I don't know your story, but it seems as though you responded quickly and efficiently to a potentially damaging situation. I know how it feels to divorce. The sense of failure and shame is overwhelming. You had to go through it twice, but from what you say, it was necessary. 

Your actions show courage and strength. You'll find someone else!


----------



## Mrlonelyhearts

He may be saying things are great and wonderful. However, what do you think she will go through when she (the woman he is with now) realizes she got with a "functioning alcoholic?" 

Many alcoholics are charming and can suck a person into their view of things. He will continue to do this. If he ever gets into recovery, he will have more things to work on as far as making amends go.

Taking care of yourself is not a failure!


----------



## SamuraiJack

Im sorry for your pain.
The idea of "being replaced" is probably rattling around in your head ad naseum. The only thing I could really tell you to help you feel better is that he probably knows this would hurt you and is exagerating the magnitude of this new love. 

You said he was passive agressive and this sounds like a perfect PA move.
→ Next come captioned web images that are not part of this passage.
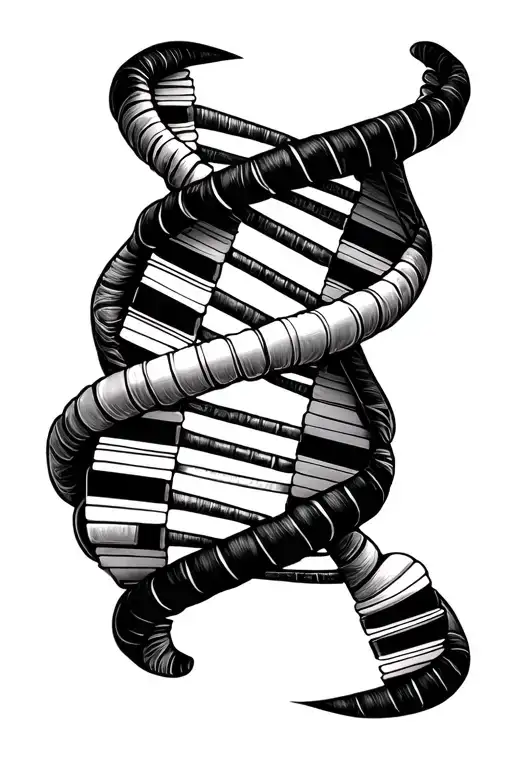 A tattoo design of a double helix DNA strand where one strand is made of piano keys and other is made of guitar strings tattoo design idea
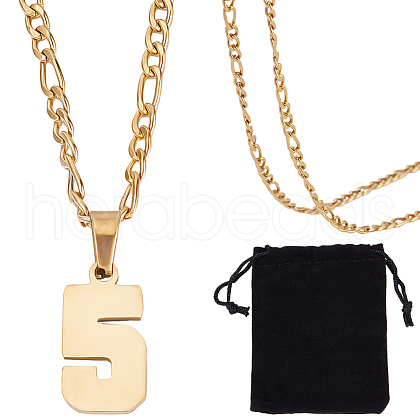 Beebeecraft 1Pc 304 Stainless Steel Figaro Chain Number Pendant Necklaces NJEW-BBC0001-28E-G-1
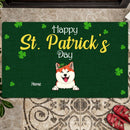 Happy St Patrick's Day Doormat, Saint Patricks Day Home Decor, Gifts For Pet Lovers, Shamrock Green Background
You did what you needed to do.
You cant fault yourself for protecting yourself.

He will do what he is going to do. Nothing you can say will stop him from being a total jackass. He hid it very well from you...and thats the problem. 

He HID it from you.
Mourn the loss of your relationship and the envisioned future you had, but dont blame yourself for not seeing it.
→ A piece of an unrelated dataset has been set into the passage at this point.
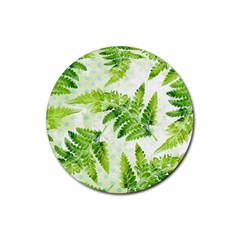 Fern Leaves Rubber Coaster (round)  by DanaeStudio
I think the thing to ask yourself before you get into a new relationship is "Am I in this because I want to be with the PERSON, or do I want to be in a relationship?"

If I had a coffe cup for every time I misread someone, I would never have to do dishes...


----------



## Rowan

Unless your ex-husband has spent months in recovery and at least a couple years doing the hard work of setting himself and his life to rights, chances are that he's still exactly the same guy you divorced. Which means, sadly, that his new girlfriend is probably being swept away by the same great man you were. But, also sadly, she's eventually going to find herself with the same passive-aggressive addict that you did. Because as much as he's "moving on", and pulling that nasty P-A gloating bullsh!t that they do, he's still the man you divorced.


----------



## PBear

The person you should really be feeling sorry for is his new woman, as her life is about to go on the same roller coaster ride yours did. As far as he goes, block his number, and don't get in any conversations with him. 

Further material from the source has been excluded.